La Sila Il Parco Nazionale della Sila, l'altipiano più noto ed esteso d'Italia meridionale, si sviluppa su una quota media 1400m s.l.m. con vette che raggiungono quasi 2000m (Botte Donato). Numerosi sono i laghi (Cecita, Arvo, Ampollino ed altri minori). I centri più importanti per le vacanze , sia estive che invernali, sono Camigliatello (75 km dalle Terme) e Lorica (90 km). San Giovanni in Fiore (95 km) è da visitare per il ricco artigianato dei tessuti e orafo, per l'Abbazia Florense (1220) dell'Abate Gioacchino "di spirito profetico dotato" (Dante).www.parcosila.it
Fiumefreddo Bruzio (km 25): borgo medievale, sorge in un belvedere naturale che spazia sull’azzurro mar Tirreno. Scrigno di storia e natura, conserva le caratteristiche di un paese fortificato. Numerosi gli edifici da visitare fra cui i ruderi del castello affrescati dal famoso pittore Salvatore Fiume.

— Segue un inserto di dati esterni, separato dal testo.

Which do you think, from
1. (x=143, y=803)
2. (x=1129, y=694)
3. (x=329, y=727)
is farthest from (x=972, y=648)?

Belvedere Marittimo (km 20): il centro è composto da due parti: il borgo medievale, che sorge su una sporgenza rocciosa circa 150m sopra il livello del mare, e la marina turistica.
Diamante ( km 25): la “città dei murales”, che si possono ammirare passeggiando per i vicoli, sorge al centro della Riviera dei Cedri in uno sperone roccioso incuneato nel mare cristallino. È sede del famoso “Festival del Peperoncino”.
Cirella (km 30): la piccola Isola di Cirella, oggi parco marino, è caratterizzata da flora selvaggia e splendidi fondali. I ruderi dell’antico borgo, arroccati su un promontorio, offrono testimonianze di antiche civiltà. Presso il parco archeologico Teatro dei Ruderi, sede di spettacoli estivi, il panorama è splendido.
Itinerario Bizantino Interessante per le tracce del periodo del monachesimo orientale (VI-VIII sec.). Se ne hanno le testimonianze: architettoniche con il Battistero di Santa Severina (125 km) e la Cattolica di Stilo (210 km); pittoriche con gli affreschi di Sotterra di Paola (12 km), musive a San Demetrio Corone (45 km) letterarie a Rossano (75 km) con il Codice Purpureo (il Vangelo di S. Marco e S. Matteo, prezioso libro con 188 fogli e 15 miniature di pergamena rossa con caratteri in oro ed argento).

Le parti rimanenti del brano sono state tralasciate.